Directions for this task: Repeat the whole listing word for word, skipping pictures.

Provided data:

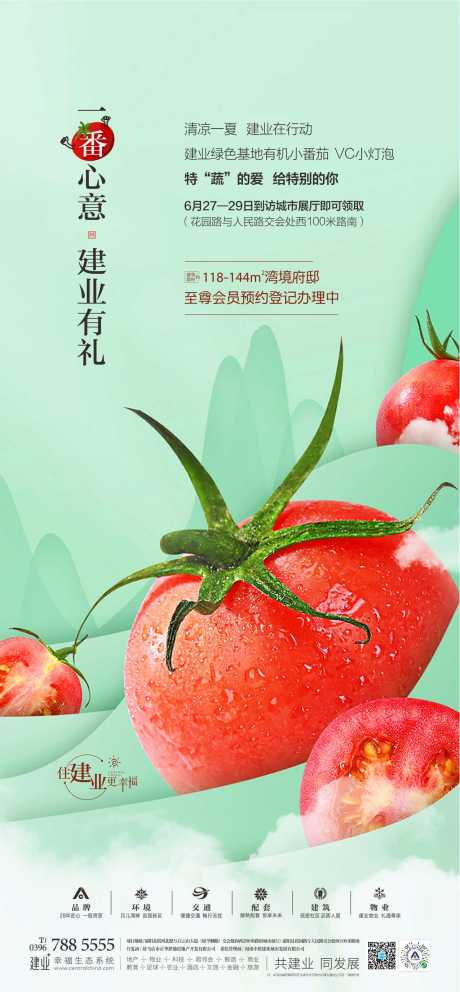 源文件下載【送小番茄海報】編號：49210003586172806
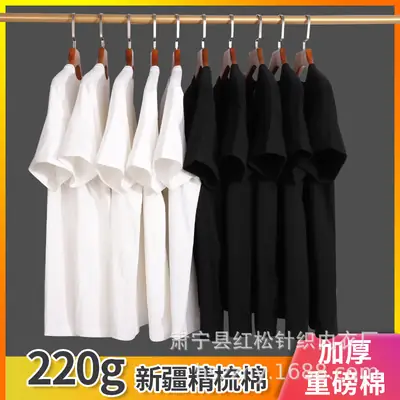Men Cotton Crew Neck T-Shirt Yellow 220g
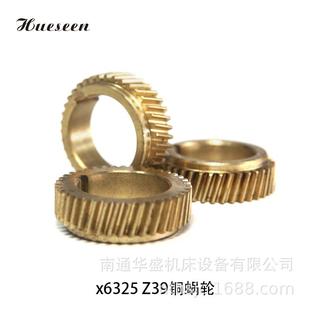 左右丝杆移动铜齿轮 Z31进给器蜗轮 南通铣床铜蜗轮 X6325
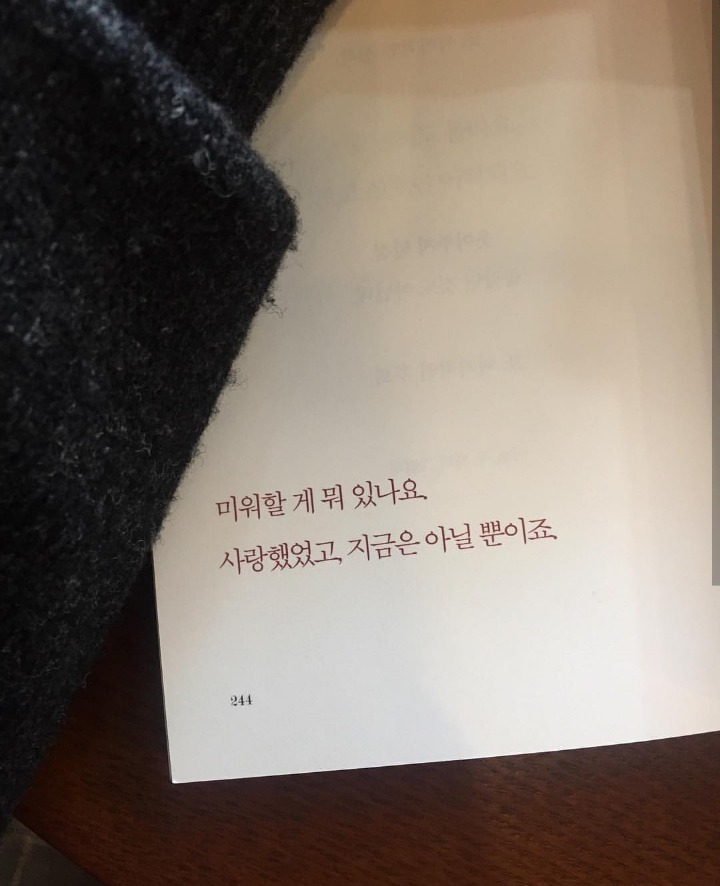 알다가도 모르겠는 사람 사이 거리 | 인스티즈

The completed task:
 源文件下載【送小番茄海報】編號：49210003586172806
Men Cotton Crew Neck T-Shirt Yellow 220g
 左右丝杆移动铜齿轮 Z31进给器蜗轮 南通铣床铜蜗轮 X6325
 알다가도 모르겠는 사람 사이 거리 | 인스티즈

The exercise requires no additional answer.